Thursday, June 3, 2021

Why Now Not Then?

Hello. I've been neglecting this blog of mine for quite some time now. Perhaps I've lost interest in writing ever since I'm learning to talk more about my feelings instead of keeping them hidden as writings and my life is full of happiness. Guess sadness is the key to write good stuffs. So here I am, exclude the sadness. I just figured that I need to spill out a secret here. Hmm. Before I met my lover, I knew this one guy 1 or 2 months earlier beforehand. We've been friends all this while. Even when I know I'm already in love with my baby, I do keep in touch with this guy like once in a month on friendship basis. To be honest, I liked him before everything and I remember how I impatiently made my move because he has been in my mind all the time. And I remember how I felt like I got rejected by this guy not just for once or twice. So I thought that maybe he's not ready or he's not into someone like me, and I distanced myself away from him for months, and those months were the moment when I became closer to my baby in our friendship stage. When my baby got a tight grip of my heart, I never made the first move in approaching that guy anymore. It was always him, either on my ig story, or my whatsapp status. It was steer clear to me that we're only gonna stay friends and I could accept that. Not a problem, 'cause I found my guy already. But then last week he texted me just to catch up, and clearly he said something like "I wish we could get married...", I was like, huh? Maybe he's just wishing things that could never happened, to happen. I wasn't sure what those words meant, and I wasn't interested to see where that conversation was leading us to. So I ended the conversation awkwardly, I don't exactly remember how.
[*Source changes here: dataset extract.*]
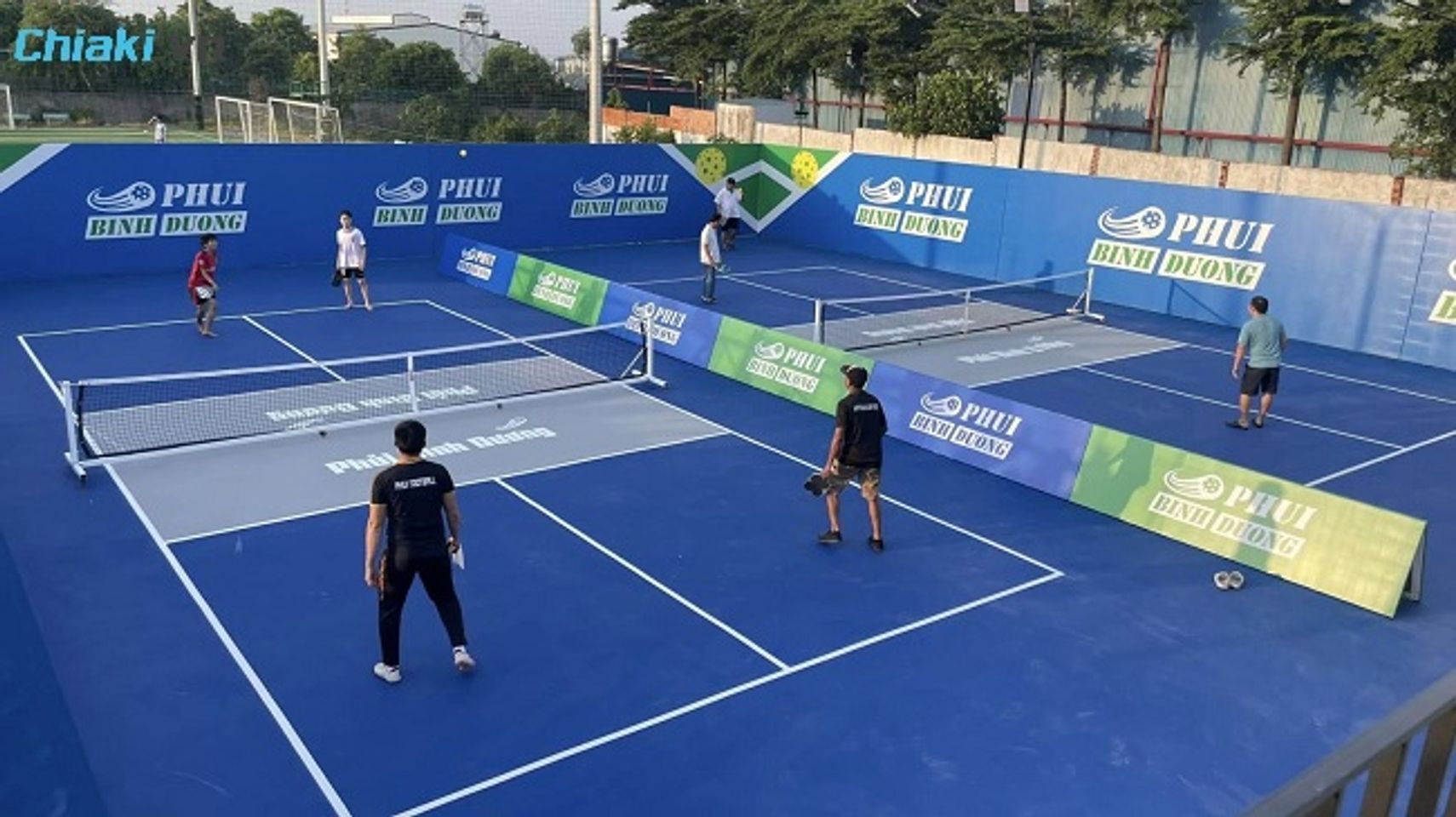S&acirc;n Pickleball Phủi B&igrave;nh Dương c&oacute; 2 s&acirc;n ngo&agrave;i trời chất lượng cao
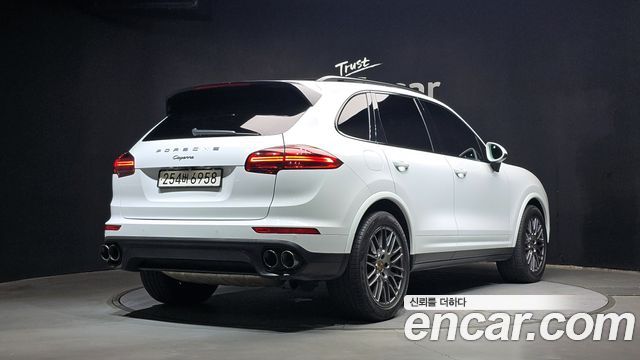 Porsche Cayenne 2017 — photo 2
But then 2 days ago, he texted me at midnight, I already fell asleep. So I replied him the next morning and just a simple catch up texting. And again, he said things like "when we're married, we'll be like....", I was taken aback. Like wait, what? What is this guy thinking? What makes him so sure that I want to marry him? Why now though? I was surprised and feeling guilty, but I'm not the wrong one here. Hmm. My original plan now was to settle down by next year, and I only tell 3 girlfriends of mine about it. I don't wanna tell anyone else. But since this guy's suddenly showing up and expressing his interest in me, I had no choice but to inform him that he's too late and I'm marrying someone else. I wanted to avoid from hurting anyone's heart. I was being very careful with my choice of words. At first he congratulated me, then I think, I've said it the wrong way, he got angry. But he shouldn't though, 'cause I was only trying to explain my side of story, and he should respect my feelings, but he thought I was treating him like shit. It's so tense, and this guy spoiled my day. Hmm. Anyway, we're still friends. He'd like us to stay this way until I got hitched. Oh, well, whatever suits him then. What I know is I'm not going to change my heart or my mind. At the end of the day, I'm always gonna choose my baby.